We developed the social skills of army brats, and got what I recall as a good education along the way. I remember doing a budget in Mrs. Canny’s class, looking up ads for cars and apartments and pricing groceries to meet salaries according to professions picked from a hat. (Little did I suspect that later in life I’d draw “teacher” and struggle to do as an adult what we had done with enthusiastic ease as sixth graders.)

I reminisce upon noting a recent story in the Washington Post’s Metro section, “Montgomery Erasing Gifted Label” (Tuesday, December 16, 2008). Two fifths of the students in the affluent and perennially high achieving school system are classified as gifted under the current sorting system, the article reports, including a Bethesda school with three quarters so labeled versus another school from a lower-income area at 13%.

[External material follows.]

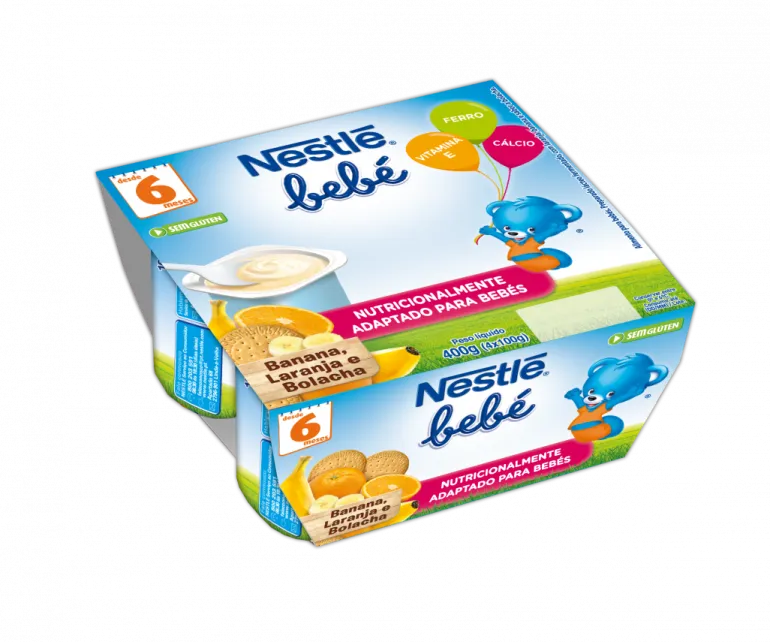 Iogurte Bebé Nestlé Banana, Laranja e Bolacha Pack 4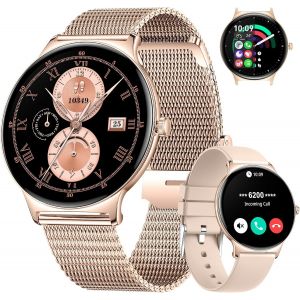 Women's Smart Watch 1.43 Inch Amoled Always-On Display Bluetooth Calls Smart Watch For Android Ios Pink Gold Mesh Large Round Smartwatch Women Step Counter Calorie Music - Neuf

Montgomery’s move begs the question: Has the label lost its meaning? Statistics seem to support the practical reality that sharp-elbowed middle class parents can game special services for their kids at the expense of less savvy, lower income public education consumers.

Maybe the real question is: Can all kids be taught with “gifted” methods? If one defines this as a student-centered pedagogy based on differentiation, project-based learning, and cooperative problem-solving, I would say yes. (If that’s too jargony, think of Mrs. Canny’s budget unit).

My own third-grader is in a “regular” class in an Alexandria public school this year, which happens to be anything but regular because he finally got The Great Teacher and absolutely loves it. After a couple years of not loving it, this is really all I could ask for as a parent.

Which brings me to the truth that it isn’t the label that matters so much as the teacher in the room. Chemistry can change from group to group, but what parents know through the grapevine and what statistics demonstrably confirm is that year after year, certain teachers do better than their peers.

What makes some teachers really good? Rather than focusing on whether or not children are gifted, maybe this is the question we need to ask. Because regardless of what kids get or don’t get under the tree this time of year, every one of them should go back to class after winter break with the same sense of anticipation.